Start of Extracted data
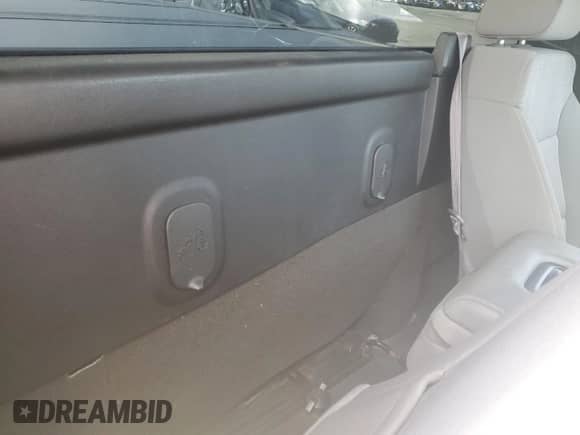 2016 Chevrolet Silverado 1500 Work Truck z VIN 1GCNKNEH6GZ332042, wystawiony jako Copart lot #44252835 z przebiegiem 95 665 mil mil oraz Szkoda całkowita • Salvage title. Historia ofert i sprzedaży dostępna na DreamBid. Obrazek 10.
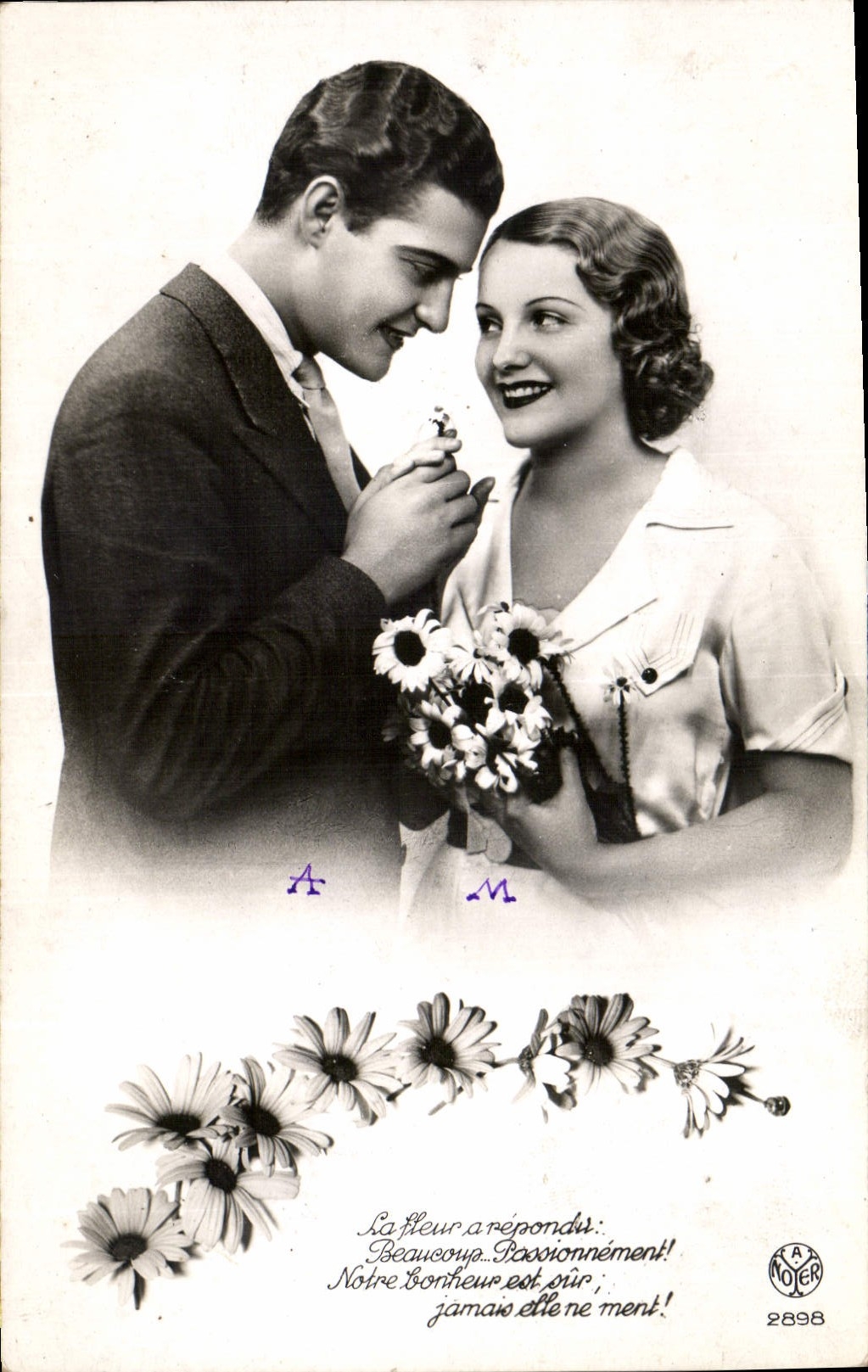 Jeune couple — scène d'offrande de fleurs — éditeur A. NOYER n°2898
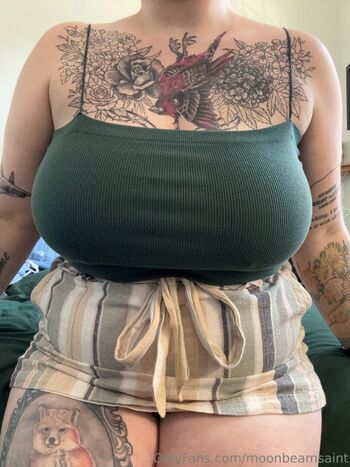 Full leaked Moonbeamsaint private photo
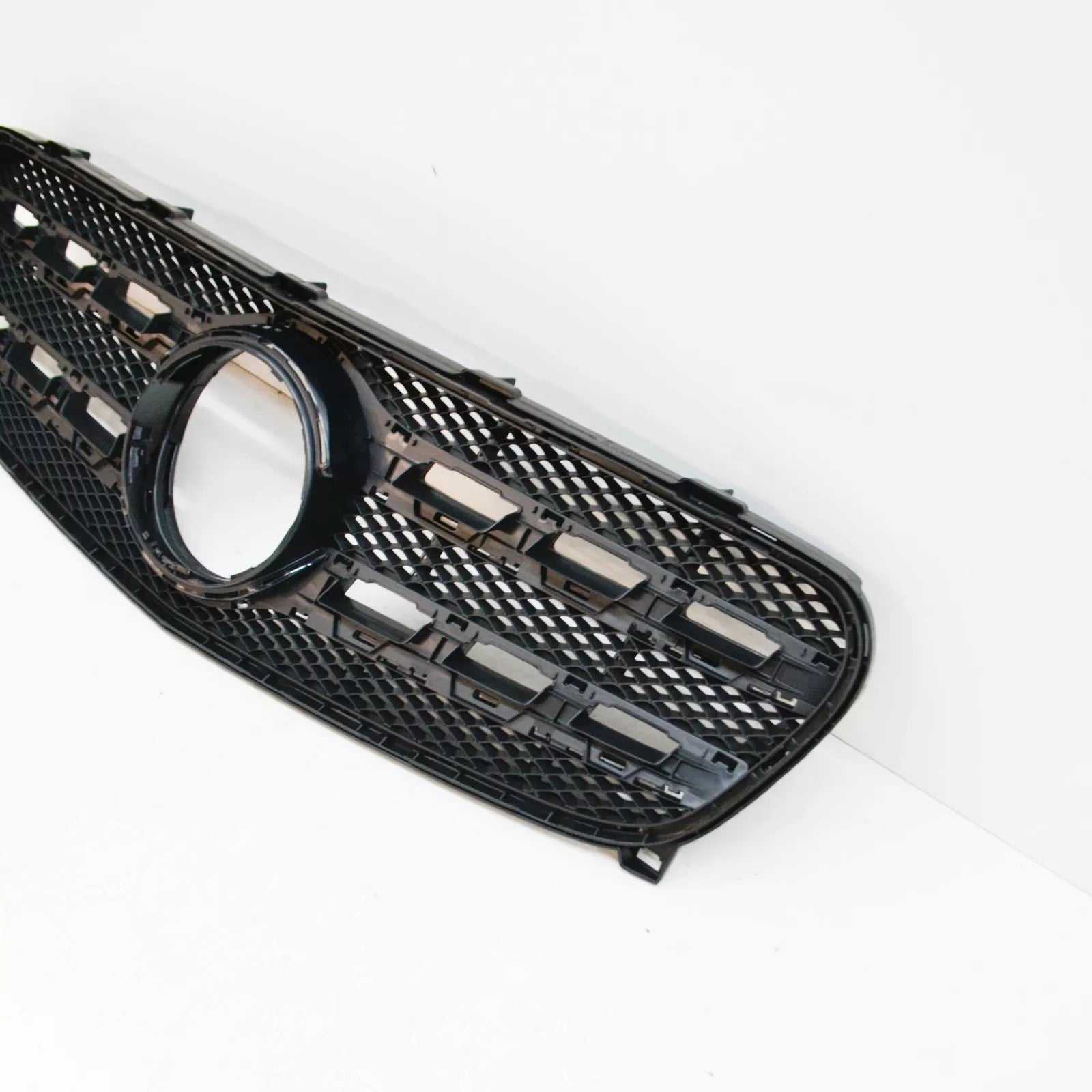 NEW MERCEDES-BENZ GLA X156 FRONT RADIATOR GRILLE CARRIER A1568806400 ORIGINAL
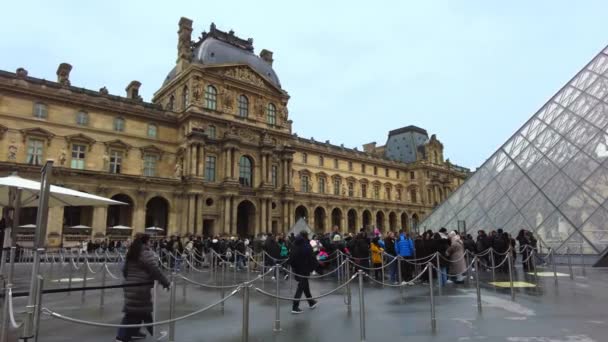 Parigi Francia Dicembre 2022 Veduta Del Louvre Dal Cortile Napoleonico — Video Stock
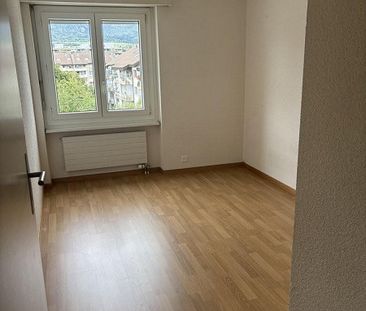 4.5-Zimmer-Wohnung mit Weitblick - zentral & modern - Photo 2
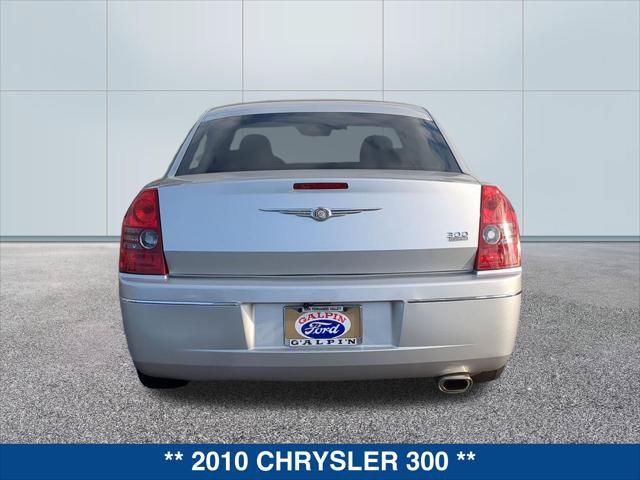 Used 2010 Chrysler 300 Touring RWD image 4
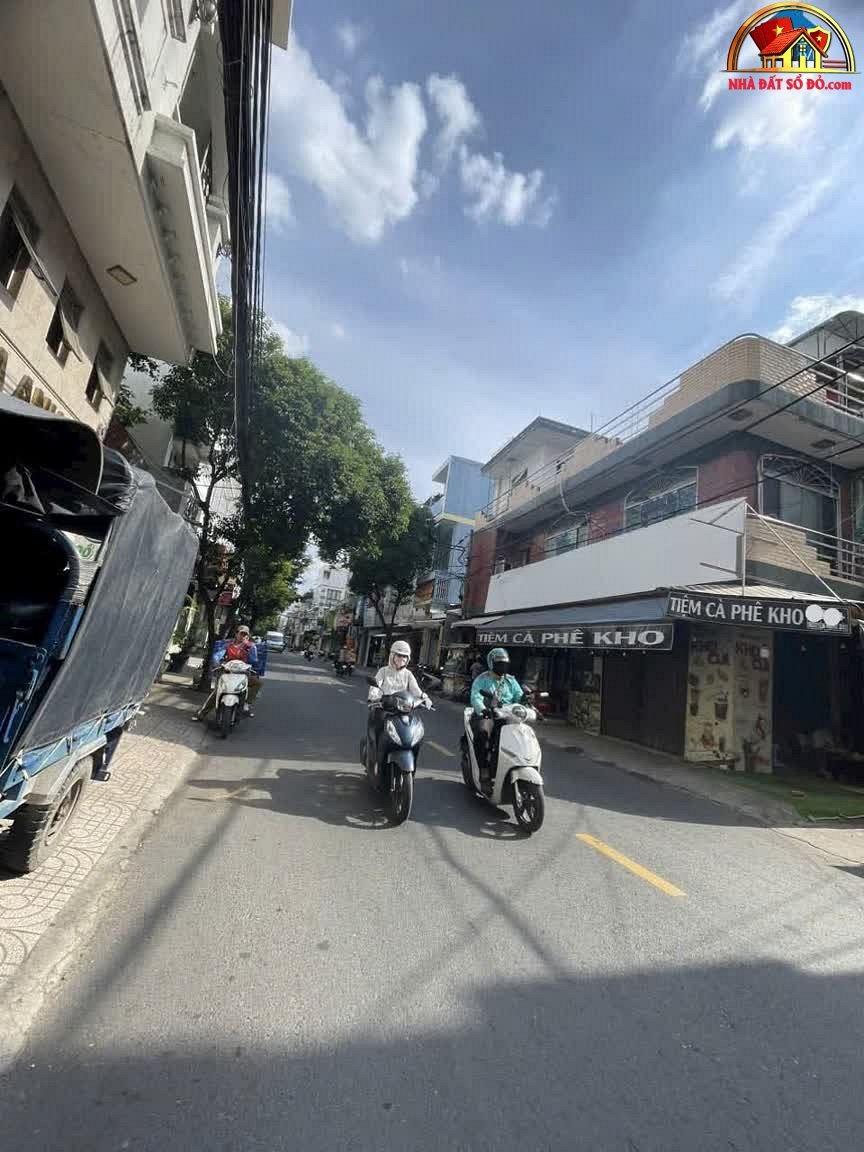 Mặt tiền Nguyễn Hồng Đào, nhà 58m² chỉ 14.8 tỷ – cơ hội đầu tư tốt!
End of Extracted data
Task statement —
Pictures do not belong in the copy. Repeat exactly each line from the one with "Parigi Francia Dicembre" through the end of the listing.

Task output —
 Parigi Francia Dicembre 2022 Veduta Del Louvre Dal Cortile Napoleonico — Video Stock
 4.5-Zimmer-Wohnung mit Weitblick - zentral & modern - Photo 2
 Used 2010 Chrysler 300 Touring RWD image 4
 Mặt tiền Nguyễn Hồng Đào, nhà 58m² chỉ 14.8 tỷ – cơ hội đầu tư tốt!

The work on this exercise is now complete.